I had never noticed my bucks pasterns before. I was looking at him live this morning and they still don't bother me, but I can see what you are seeing in the pictures and pictures don't lie. He's pretty straight in that back leg above the pastern. If he was a horse... I would say he maybe has slightly "long" pasterns, but not necessarily a bad angle. but of course he is not a horse.


----------



## Dani-1995 (Mar 11, 2011)

Yeah they're not terrible. I just worry about pasterns when they hit 250 or more. That's when they become an issue. And it's hard to see it from pictures. I have two wethers that have worse pasterns but they won't ever reach 250 and have to breed does.


----------



## JT3 (May 1, 2011)

I dont think the pasterns are weak...I think he is a bit posty legged actually and it makes it look that way to you.

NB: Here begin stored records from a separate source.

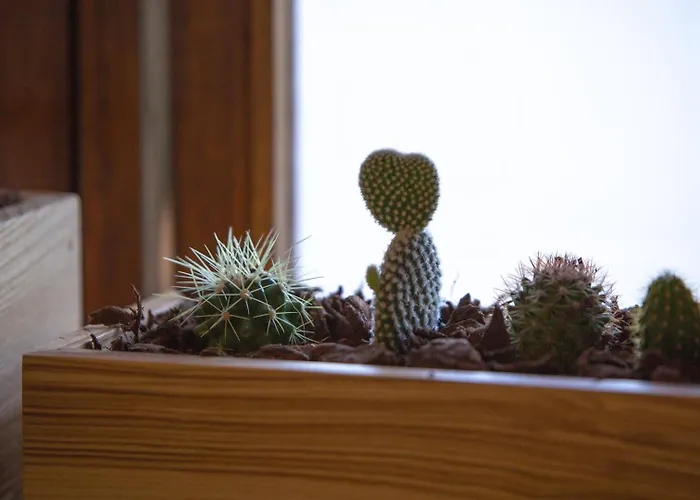 Guestready - Catorze De Outubro 423 아파트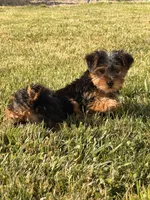 Jasper, a male Yorkshire Terrier for sale in Michigan City, IN – 2 of 3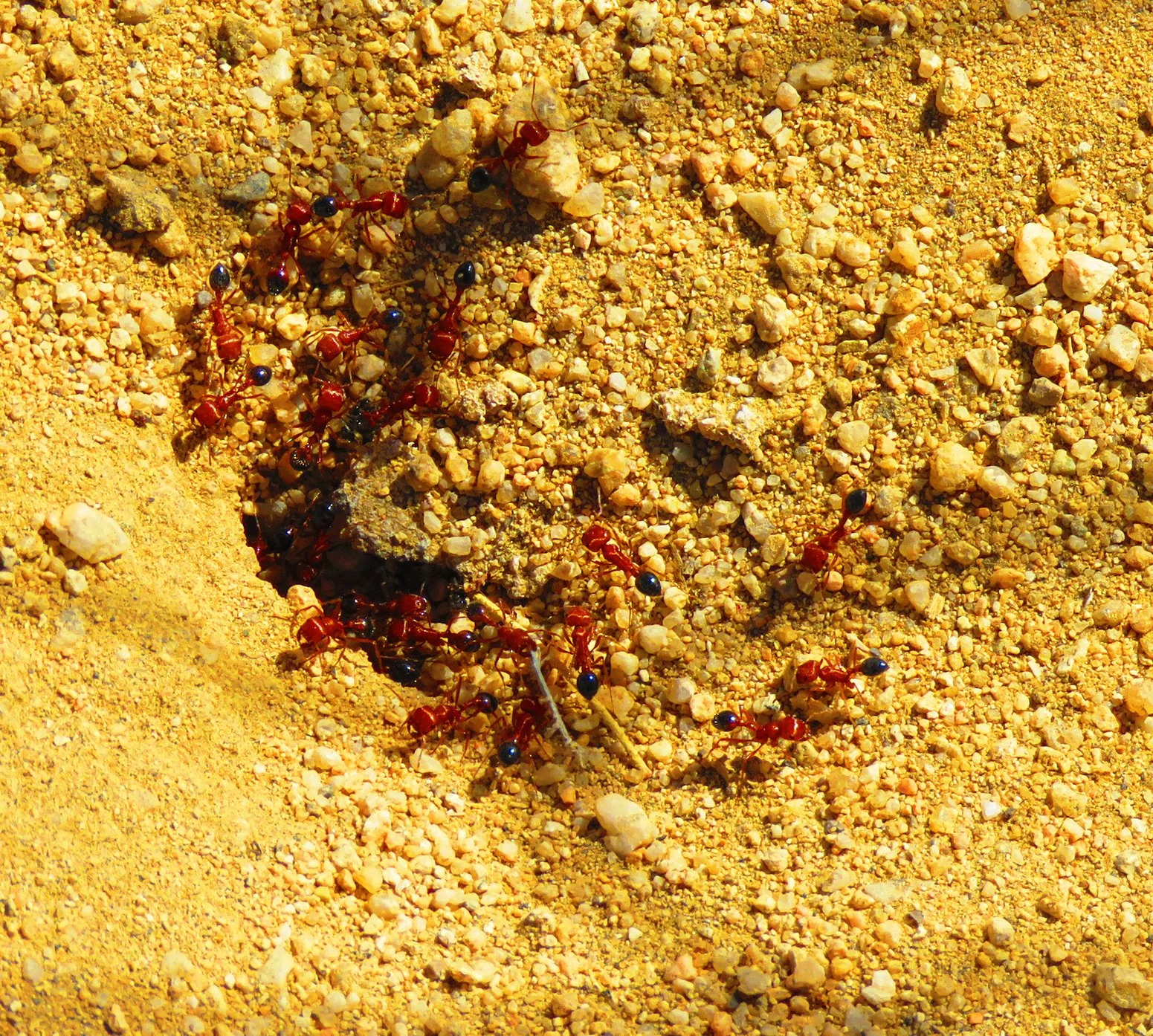 Ant Hill_5900 copy.jpg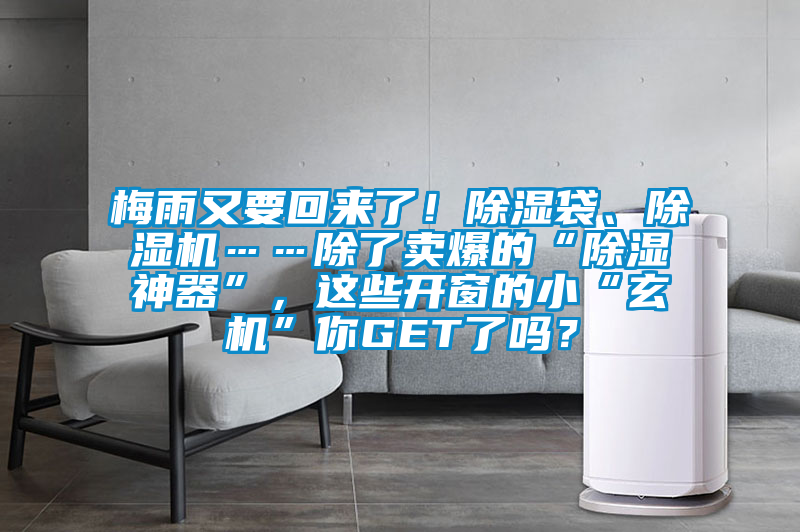 梅雨又要回來了！除濕袋、除濕機……除了賣爆的“除濕神器”，這些開窗的小“玄機”你GET了嗎？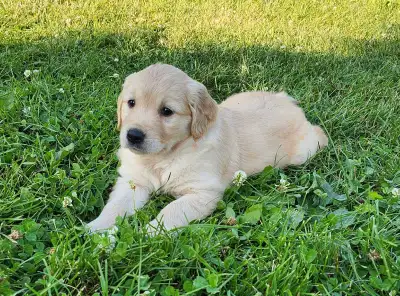 Golden Retriever Puppies, View more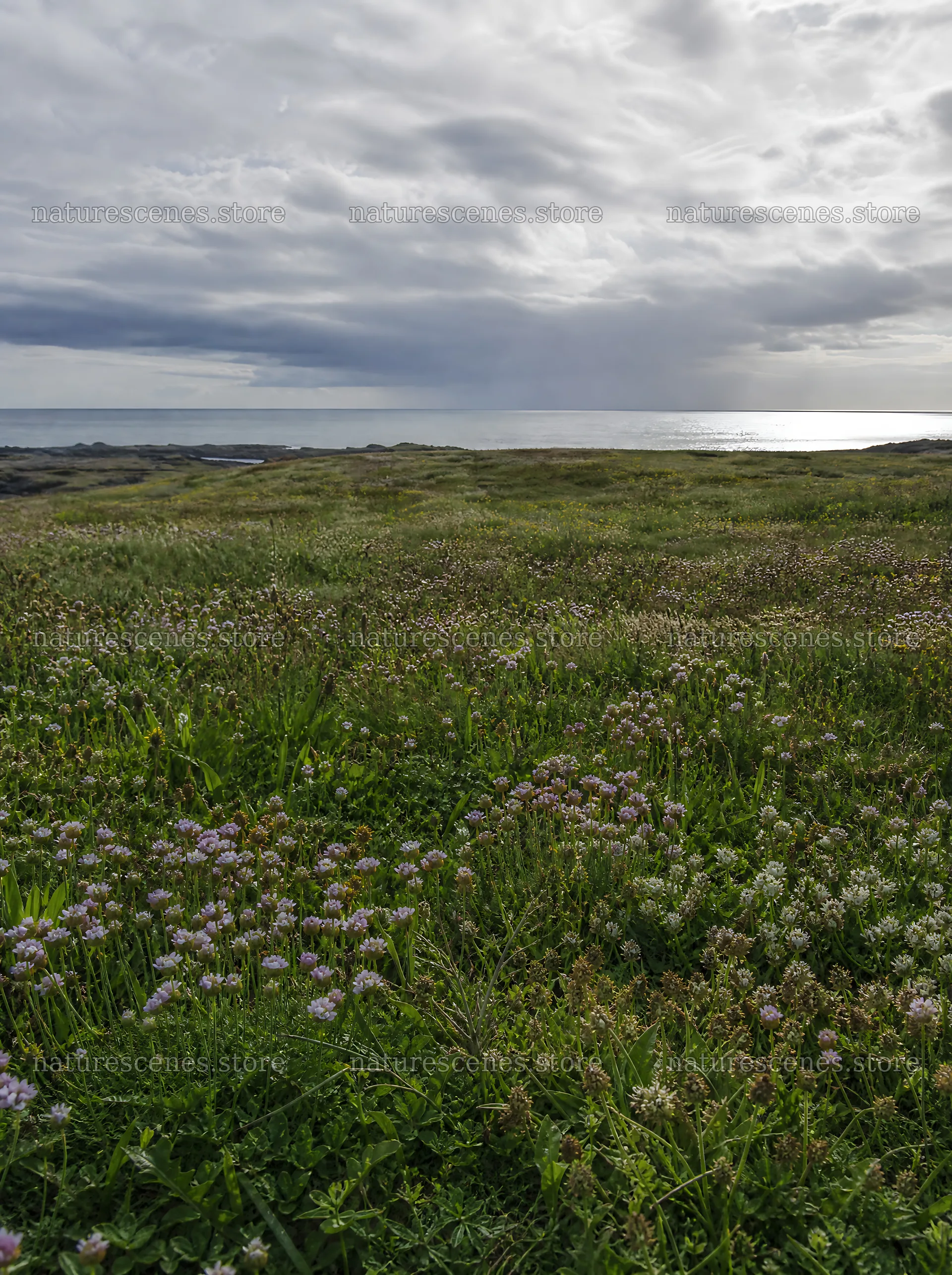 Rewilded meadow with coastal view under cloudy skies – nature scenes 6858x9186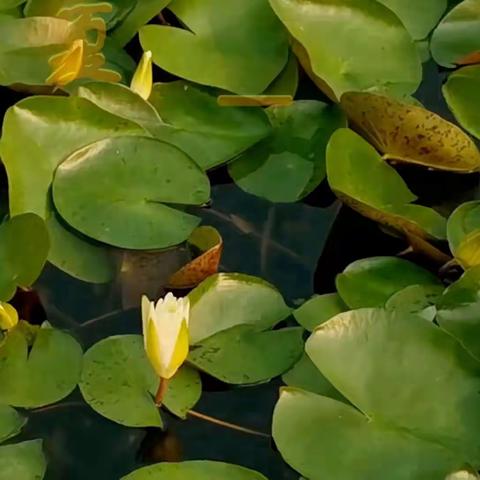 夏日莲塘听雨声  花开花合飞彩虹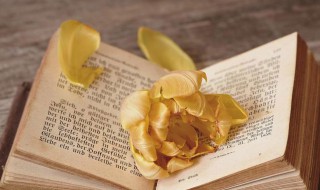 成则为王败则为贼是什么意思 成则为王败则为贼是什么意思啊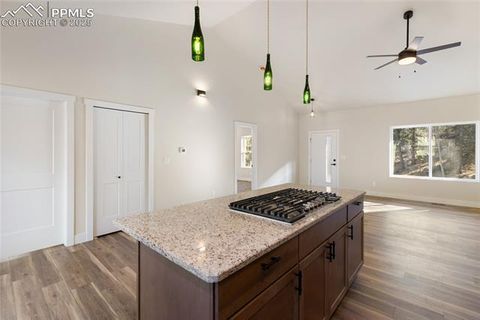 Tiny photo for 237 Columbine Road, Woodland Park, CO 80863 (MLS # 6458603)
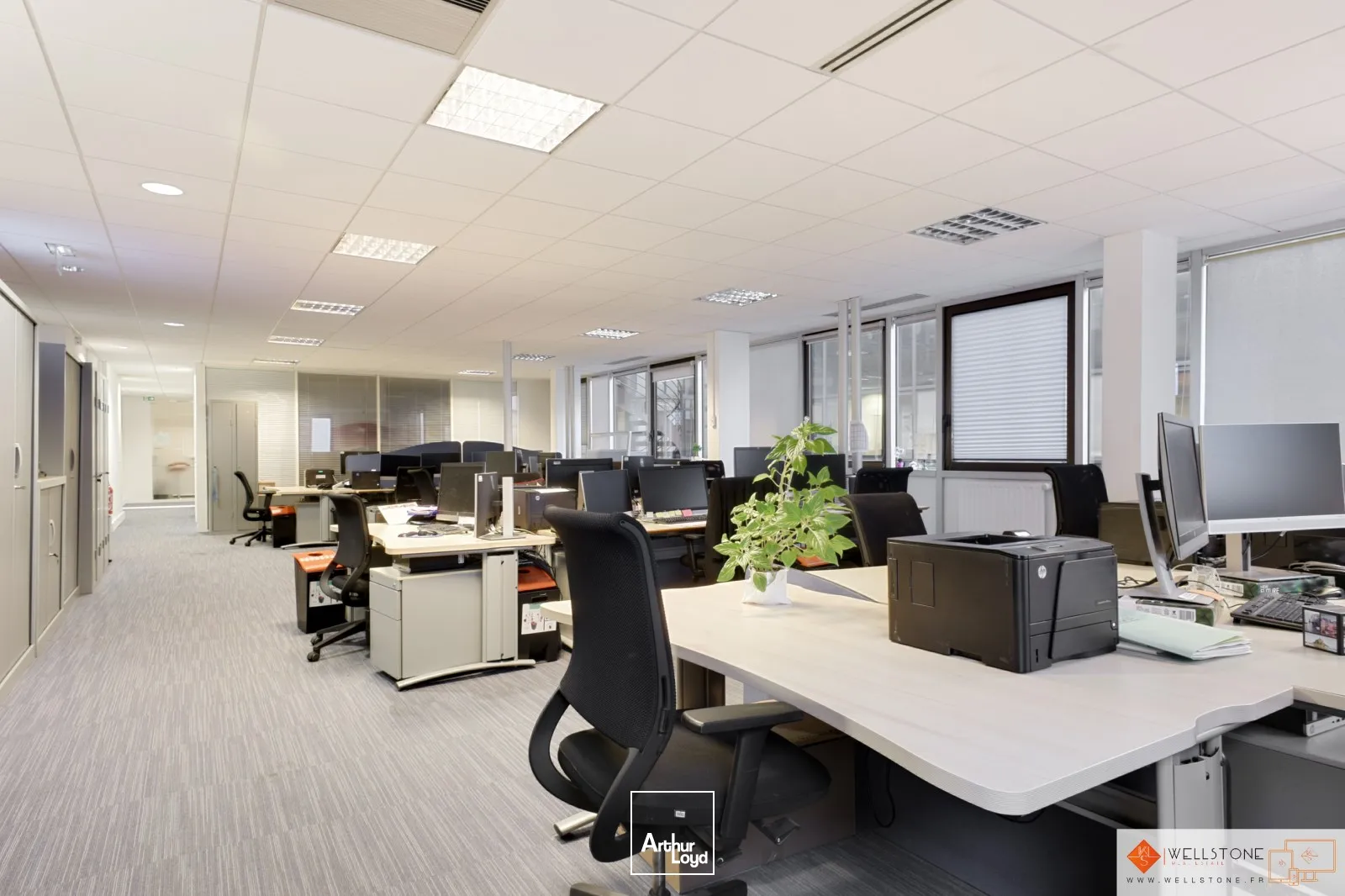 Bureaux - Location - PARIS - 75009 - 252-1388 - 7567955
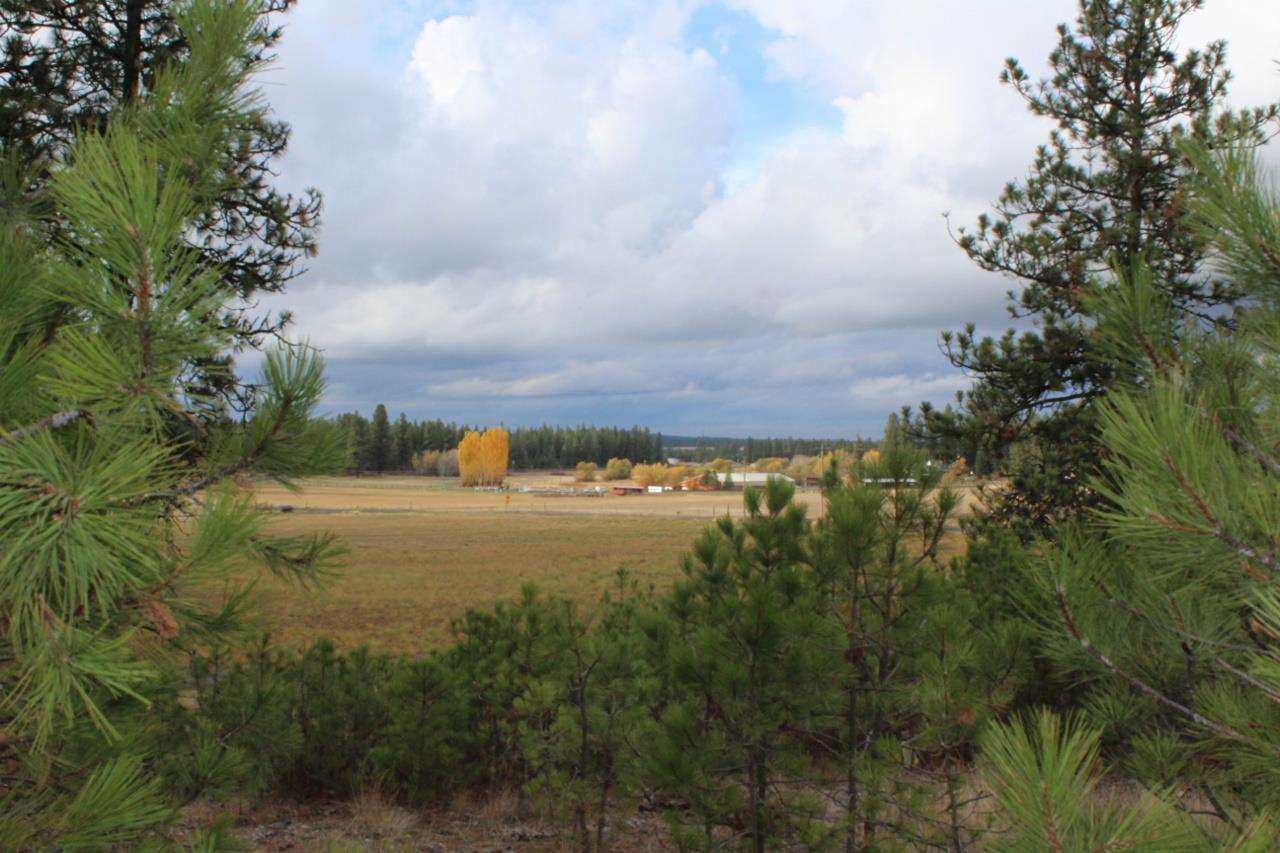13210 South Short Road Cheney, WA 99004 - Photo 1 of 17
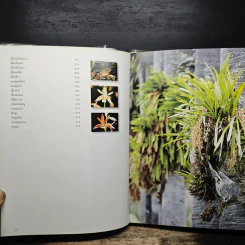 สวนพฤกษศาสตร์สมเด็จพระนางเจ้าสิริกิติ์ เล่ม 6 กล้วยไม้ไทย - องค์การสวนพฤกษศาสตร์ สำนักนายกรัฐมนตรี รูปที่ 8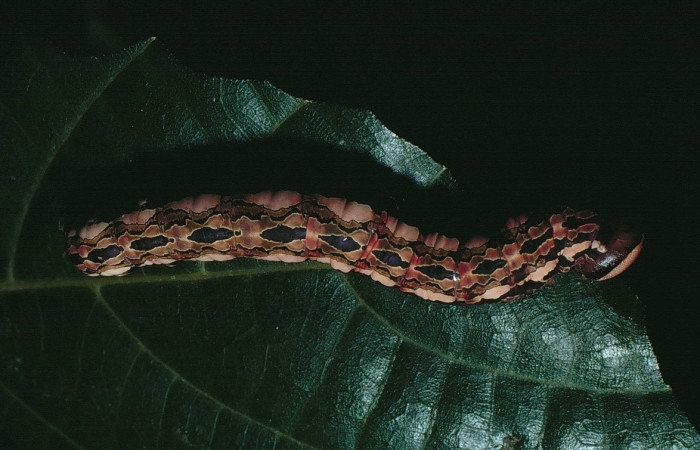 Figura 6. <i>Disphragis danala</i> (Notodontidae). En último estadio, detalle centro-dorsal. Voucher 90-SRNP-126-DHJ12317.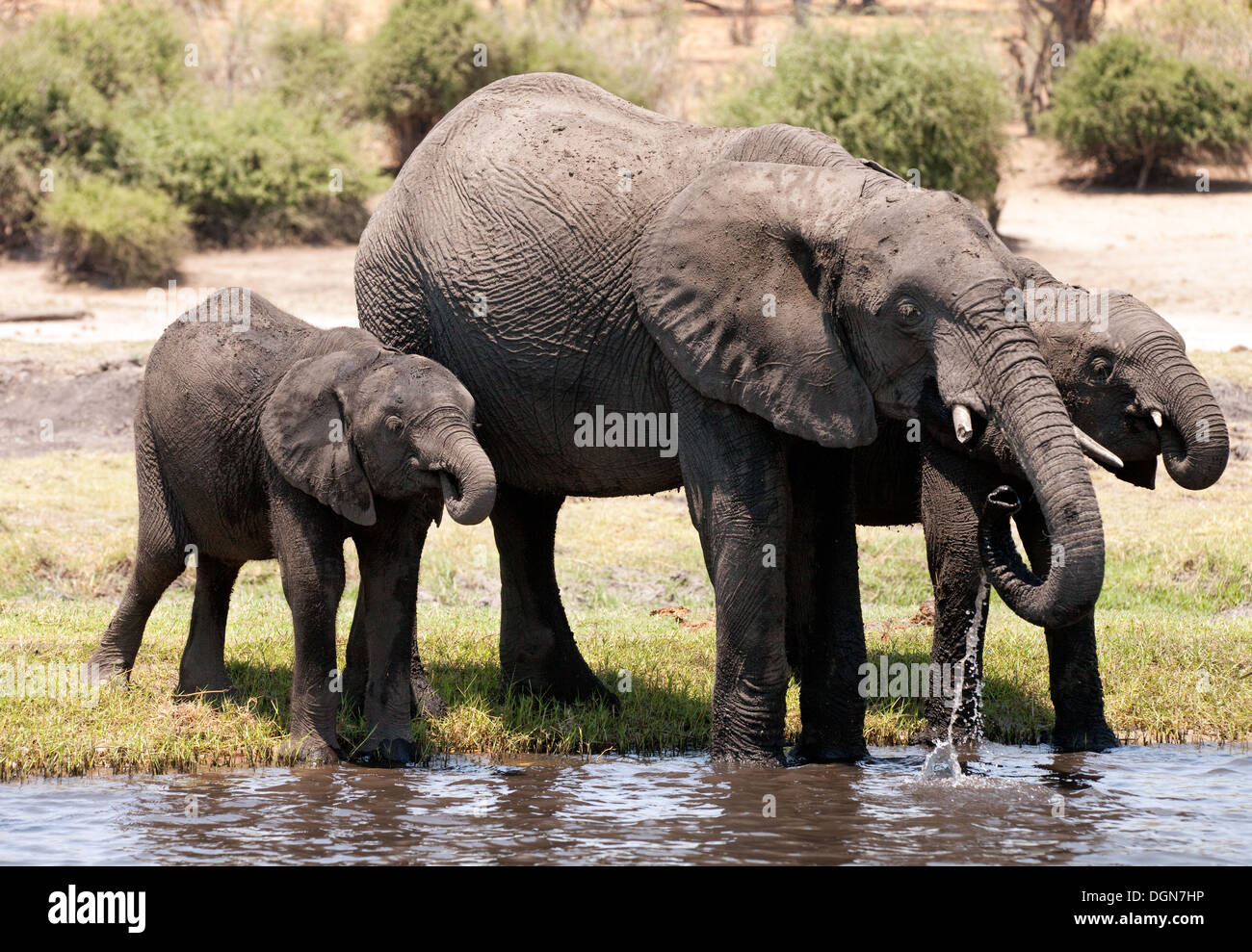 Tre elefanti africani di bere dal fiume Chobe, Chobe National Park, Botswana, Africa Foto Stock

He is extremely thick and wide made from end to end. Really like the amount of power and muscle that he carries especially through the chest floor and the length of depth of his hip.

He has plenty of length to match that muscle density.

My two concerns with him are his head and pigment. He looks a bit flat faced, id like to see him more expressive and rounded in his head shape from the point of the nose to the horn tip. 

Pigment, you obviously know about that...and any judge that wants to keep judging would DQ or put him at the bottom of the class.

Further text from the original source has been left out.